Die AG Datendemokratie hat in ihrer Sitzung die Bedeutung von Daten im Kontext der Nachhaltigkeitsziele der Agenda 2030 beleuchtet und Lösungsansätze für eine nachhaltige Datennutzung im öffentlichen Sektor diskutiert.

Berlin/virtuell. In unserer Welt, die von immer komplexeren ökologischen, sozialen und wirtschaftlichen Herausforderungen geprägt ist, rückt das Thema der ökologischen Nachhaltigkeit zunehmend in den Fokus. Als Grundlage für das langfristige Wohlergehen von Mensch und Umwelt müssen Nachhaltigkeit und Klimaneutralität auch zentraler Bestandteil jeder modernen Datenstrategie sein. Die AG Datendemokratie hat daher bei ihrer Sitzung im September den Blick auf die Potenziale erhöhter Datenverfügbarkeit und besserer Datennutzung im öffentlichen Sektor gerichtet: Welche Projekte und strategischen Ziele gibt es schon, um Datenschätze der öffentlichen Hand für das Gemeinwohl einzusetzen? Was ist international bereits möglich? Und vor allem: Geht zunehmende Digitalisierung zwingend mit Nachhaltigkeit einher?

Dem Thema wolle man sich heute von sehr weit und umfassend zu sehr spezifisch nähern, so Lilian Dammann und Björn Stecher, Co-Leitung der AG Datendemokratie, bei der Begrüßung: „Wir starten mit der großen Vogelperspektive und Datennutzung rund um den Globus und zoomen dann näher an die Datenstrategien in Deutschland heran. Wie sich Fortschritte messen und vor allem darstellen lassen, zeigt uns dann der Blick auf die Erfahrungen mit einem Klimadashboard. Und zum Schluss schauen wir auf herausfordernde bis kritische Punkte in der Nutzung von offenen Daten.“

Strategische Datennutzung für Nachhaltigkeit: Einblick in das GIZ Data Lab

Catherine Vogel, Koordinatorin des GIZ Data Lab, eröffnete die Sitzung mit einem Einblick in die weltweite Bedeutung von Daten für nachhaltige Entwicklung. Vogel betonte die zentrale Rolle der Sustainable Development Goals (SDGs) für ihre Arbeit. Wenn man darauf schaue, wie weit man weltweit auf dem Weg zum SDG-Halbzeitziel für 2025 sei, so müsse man akzeptieren, dass es schwierig wird, die Ziele zu erreichen. Das sei aber eher Ansporn als Hindernis für das GIZ Data Lab, sich weiterhin leidenschaftlich für nachhaltige Entwicklung durch Datenprojekte zu engagieren.

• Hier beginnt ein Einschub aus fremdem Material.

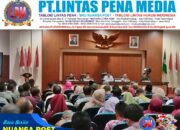 Pemerintah Daerah Kabupaten Ciamis Adakan Rakor dalam Meningkatkan Kondisivitas Hari Raya IdulFitri 1447 H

Catherine Vogel mit einem Headset, Screenshot aus einer Videokonferenz-App.
Catherine Vogel, Koordinatorin des GIZ Data Lab

Das GIZ Data Lab ist ein auftragsunabhängiges Data Innovation Hub, dessen Aufgabe es ist, die effektive, faire und verantwortungsvolle Nutzung digitaler Daten für nachhaltige Entwicklung voranzutreiben. Es gehe vor allem darum, wie Daten in Entwicklungsprojekten weltweit eingesetzt werden, um Umweltauswirkungen zu minimieren und nachhaltiges Wachstum zu fördern. Die Arbeitsweise des Labs zeichne sich durch Agilität und Experimentierfreude aus.

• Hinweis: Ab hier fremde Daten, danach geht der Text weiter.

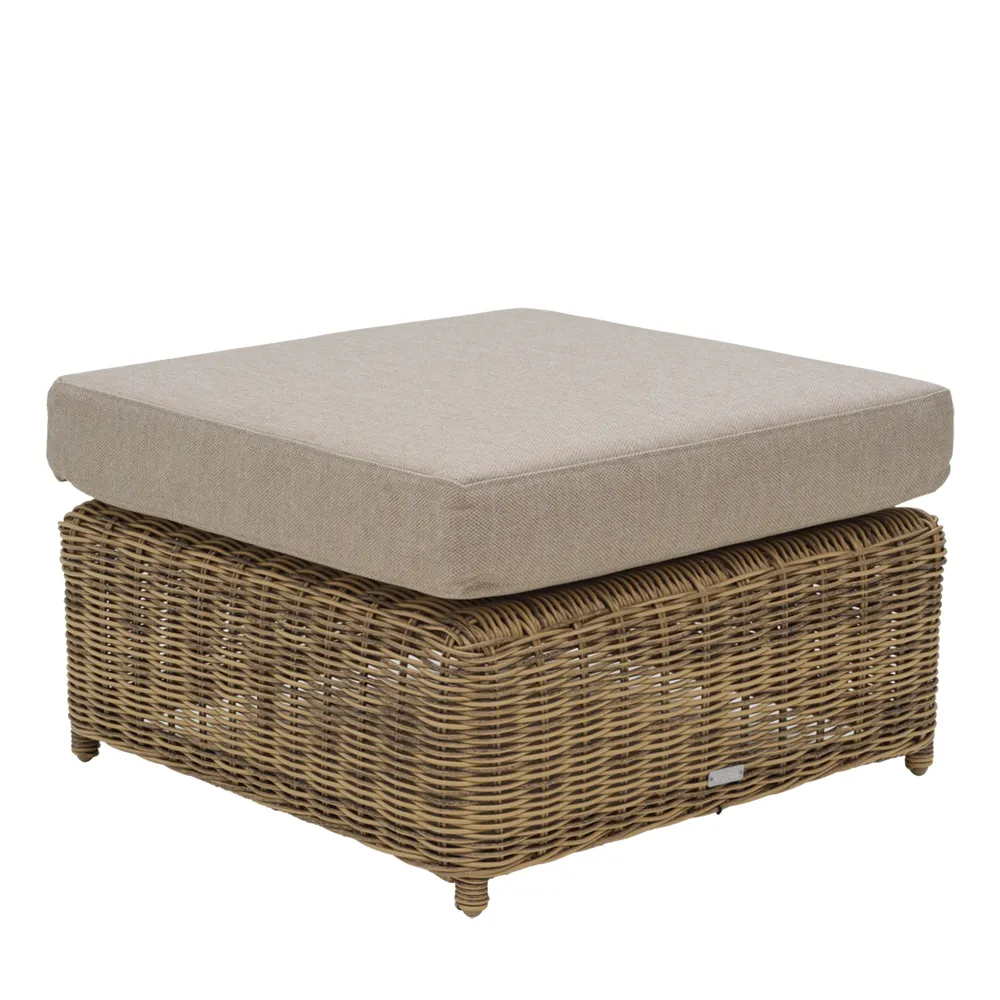 Brafab, Glendon pall Rustic / Beige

Ein beeindruckendes Beispiel aus Vogels Arbeit ist das Projekt „Pilot for Interoperability, Detection of Marine Litter“, das vor allem die Minimierung von Umweltauswirkungen zum Ziel gehabt habe. Bei dem Projekt sei durch Daten ermittelt worden, wo zukünftig Müll im Meer auftreten könnte. Die Datenerfassung sei mithilfe von Drohnen, Crowd Sourcing und Social Media erfolgt; Ergebnisse wurden in einem Repository gesammelt. Einen weiteren bemerkenswerten Ansatz habe es bei „Data Powered Positive Defiance“-Pilotprojekten in Somalia gegeben. Hier seien Daten rückwirkend analysiert worden, um Erkenntnisse über Weideflächen und Naturreservate zu gewinnen und so etwas gegen Hunger zu tun. Vogel ermutigte dazu, die Grenzen der Datennutzung auszuloten:

Wenn wir es schaffen, in einem so datenarmen Land wie Somaliland hilfreiche Daten zu kombinieren und zu analysieren, dann können wir es überall schaffen. Push your limits!
Catherine Vogel, GIZ Data Lab

Neben den technischen Aspekten der Datennutzung teilte Vogel die Erkenntnis mit der AG, dass Mixed-Methods-Ansätze für den Einsatz von Daten gegen Umweltauswirkungen von großer Bedeutung seien. In solch einem Ansatz werden digitale und nicht-digitale Daten miteinander verknüpft, weil Big Data allein oft nicht aussagekräftig genug sei und qualitative Daten wie Interviews eine wichtige Ergänzung darstellen würden, um gute, handfeste Interpretation der Daten zu ermöglichen.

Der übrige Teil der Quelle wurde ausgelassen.